## WORK ORDER
Copy out exactly the stretch of the listing below that begins at the line containing "Hot Wheels Surtido Fast And Furious" and ends at the line containing "Coffee Grove Resort", and copy nothing outside it.

──────── RECORD EXTRACTS

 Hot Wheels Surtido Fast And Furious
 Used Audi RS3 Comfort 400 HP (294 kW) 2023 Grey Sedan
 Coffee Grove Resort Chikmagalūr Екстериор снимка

────────────────
──────── RECORD EXTRACTS

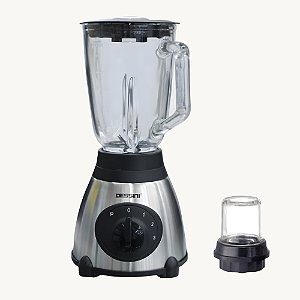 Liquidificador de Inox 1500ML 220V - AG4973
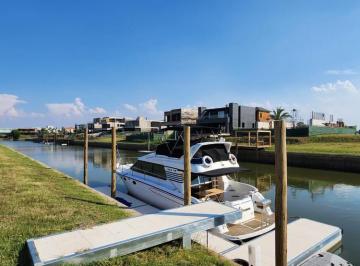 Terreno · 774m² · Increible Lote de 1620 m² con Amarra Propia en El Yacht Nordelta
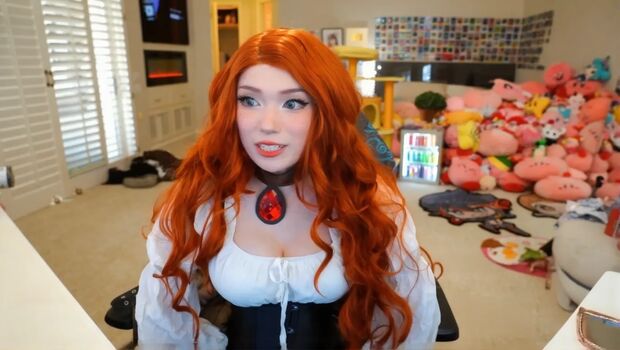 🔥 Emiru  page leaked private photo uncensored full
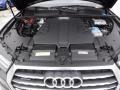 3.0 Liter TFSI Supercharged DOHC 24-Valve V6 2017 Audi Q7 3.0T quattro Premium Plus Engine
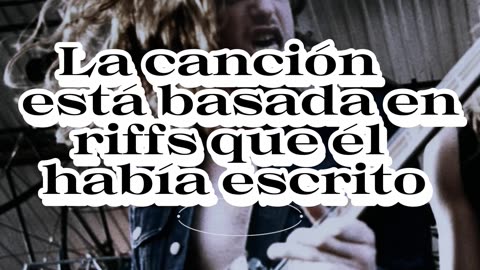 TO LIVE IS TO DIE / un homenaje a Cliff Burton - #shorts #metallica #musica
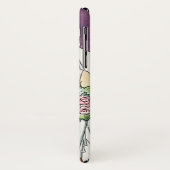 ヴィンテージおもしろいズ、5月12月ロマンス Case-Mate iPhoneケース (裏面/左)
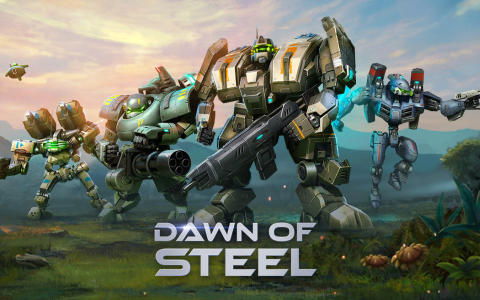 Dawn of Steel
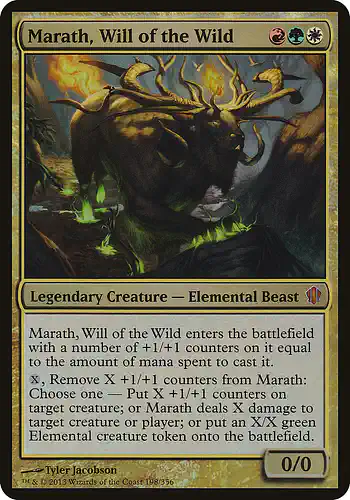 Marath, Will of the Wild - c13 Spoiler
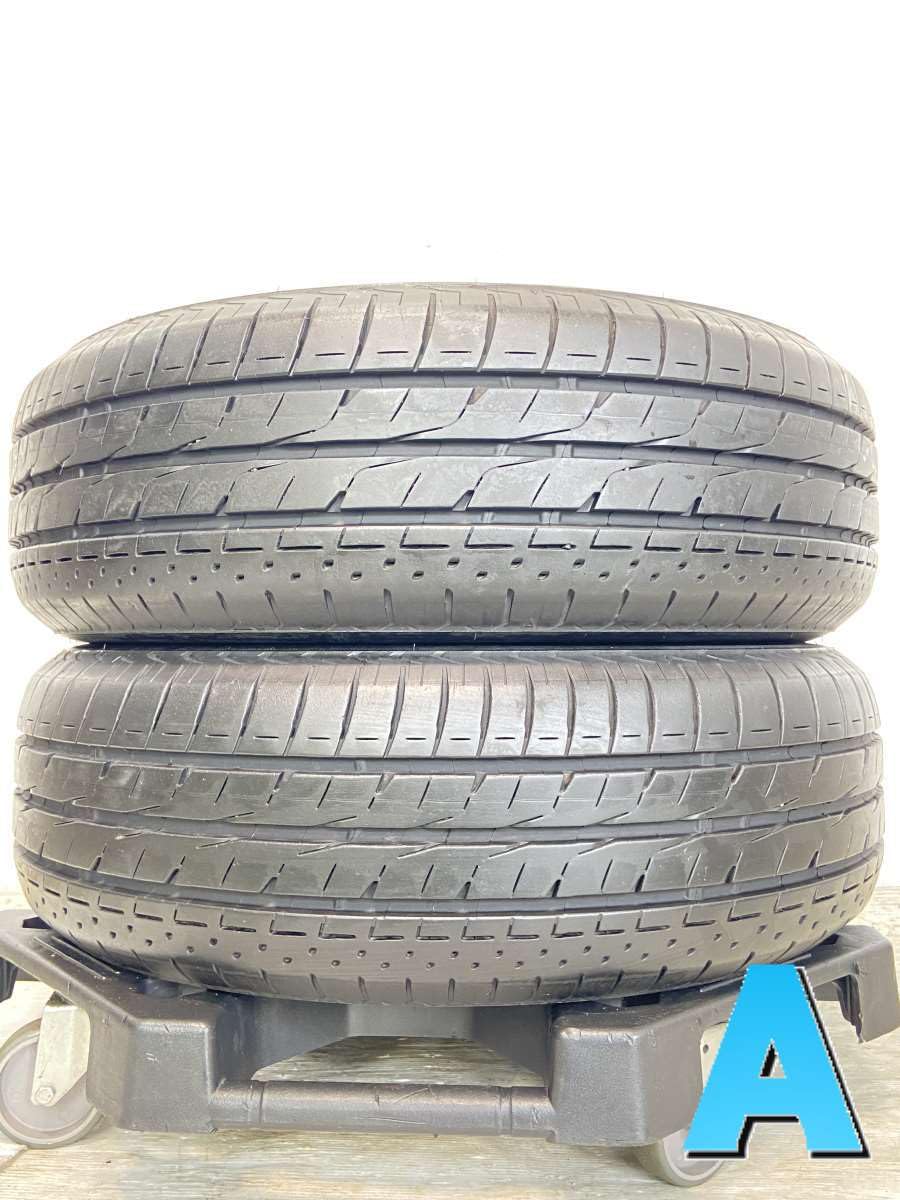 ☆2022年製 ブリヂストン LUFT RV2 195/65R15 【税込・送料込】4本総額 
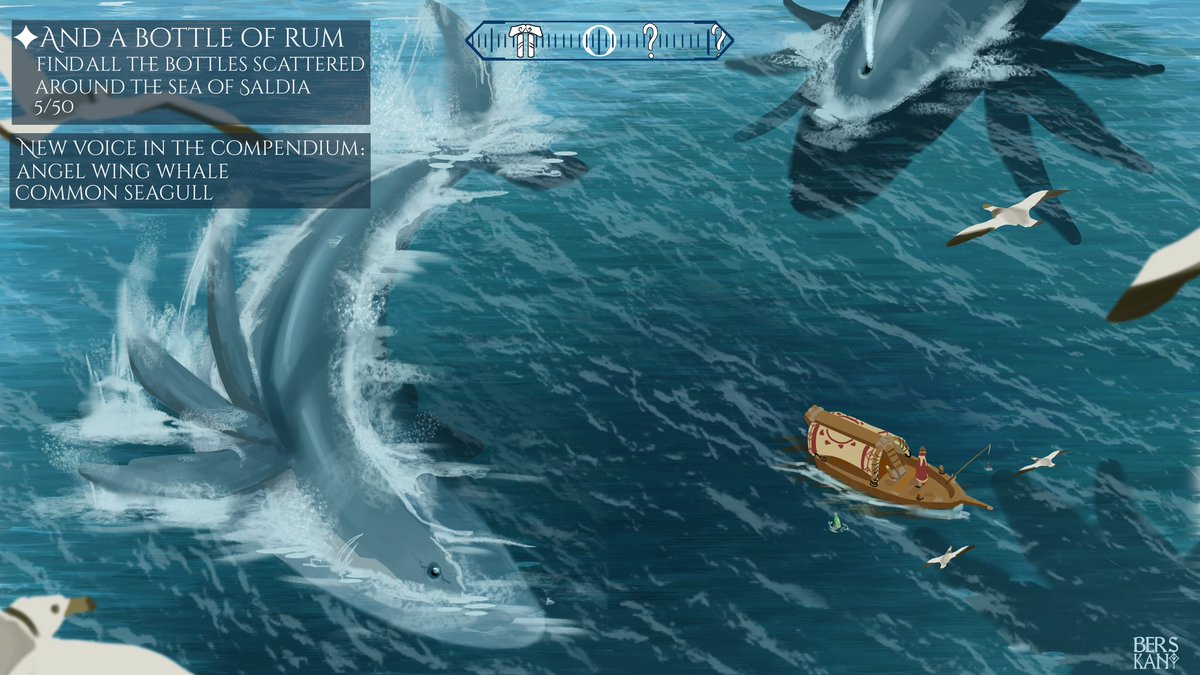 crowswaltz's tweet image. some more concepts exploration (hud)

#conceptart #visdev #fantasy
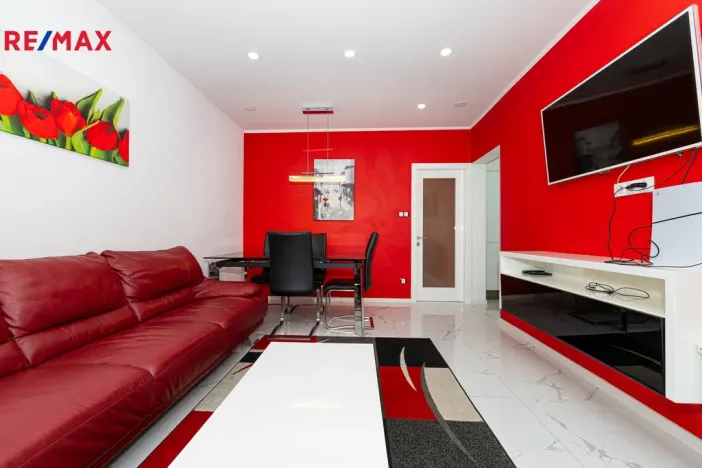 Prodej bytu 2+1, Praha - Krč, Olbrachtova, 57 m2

────────────────
──────── RECORD EXTRACTS

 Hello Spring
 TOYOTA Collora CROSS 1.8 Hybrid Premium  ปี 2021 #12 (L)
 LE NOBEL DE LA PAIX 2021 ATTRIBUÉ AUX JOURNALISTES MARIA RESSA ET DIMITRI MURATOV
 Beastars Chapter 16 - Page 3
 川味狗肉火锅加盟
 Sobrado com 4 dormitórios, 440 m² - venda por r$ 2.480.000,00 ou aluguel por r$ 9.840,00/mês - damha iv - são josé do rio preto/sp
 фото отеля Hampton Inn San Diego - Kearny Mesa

────────────────

## YOUR RESPONSE
 Hot Wheels Surtido Fast And Furious
 Used Audi RS3 Comfort 400 HP (294 kW) 2023 Grey Sedan
 Coffee Grove Resort Chikmagalūr Екстериор снимка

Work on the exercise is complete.